Common Exam Questions ☆ #
1. Define SVM #
SVM is a supervised discriminative classifier that finds the maximum-margin decision boundary between classes.
2. What are support vectors? #
Support vectors are the training points closest to the decision boundary.
They determine the final hyperplane and margin.
3. What is the difference between hard margin and soft margin? #
Hard margin does not allow any violation.
Soft margin allows some violations using slack variables and controls the penalty through \( C \) .
4. What is the kernel trick? #
The kernel trick computes dot products in a transformed feature space without explicitly computing the transformation.

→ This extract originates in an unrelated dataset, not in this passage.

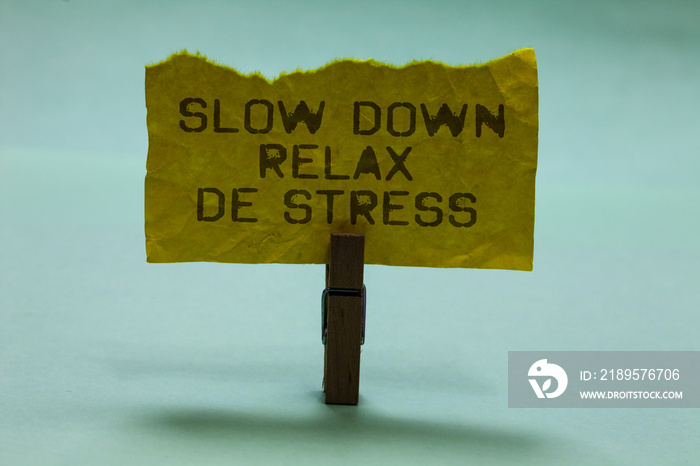 显示减缓放松减压的文字标志。概念照片休息一下，减少压力水平休息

5. Why is SVM useful for non-linear data? #
Kernel SVM can map data implicitly into a higher-dimensional feature space where a linear separator may exist.
Common Mistakes #
| Mistake | Correction |
|---|---|
| Thinking SVM only draws any separating line | SVM chooses the maximum-margin separator |
| Forgetting support vectors | Support vectors define the margin and boundary |
| Using hard margin for noisy data | Use soft margin with suitable \( C \) |
| Forgetting scaling | Scale features before SVM training |
| Thinking kernels explicitly create features | Kernel trick avoids explicit transformation |
| Treating SVM output as probability by default | SVM gives a decision score unless probability calibration is enabled |
Quick Revision Summary #
- SVM is mainly a supervised classification algorithm.
- It is a discriminative classifier.
- It finds the best decision boundary by maximising the margin.
- Support vectors are the closest points to the boundary.
- Hard margin assumes perfect separability.
- Soft margin allows violations using slack variables.
- \( C \) controls the trade-off between margin width and training error.
- Kernel trick helps SVM handle non-linear data.
- Linear, polynomial and RBF are common kernels.
- Feature scaling is very important for SVM.
References #
- Course handout: Module 7, Support Vector Machines.
- Lecture transcript: Support Vector Machine sessions by Prof. Indumathi Prabakeran.
- Course slides: Instance-based Learning and SVM transition material.
- C. J. C. Burges, A Tutorial on Support Vector Machines for Pattern Recognition.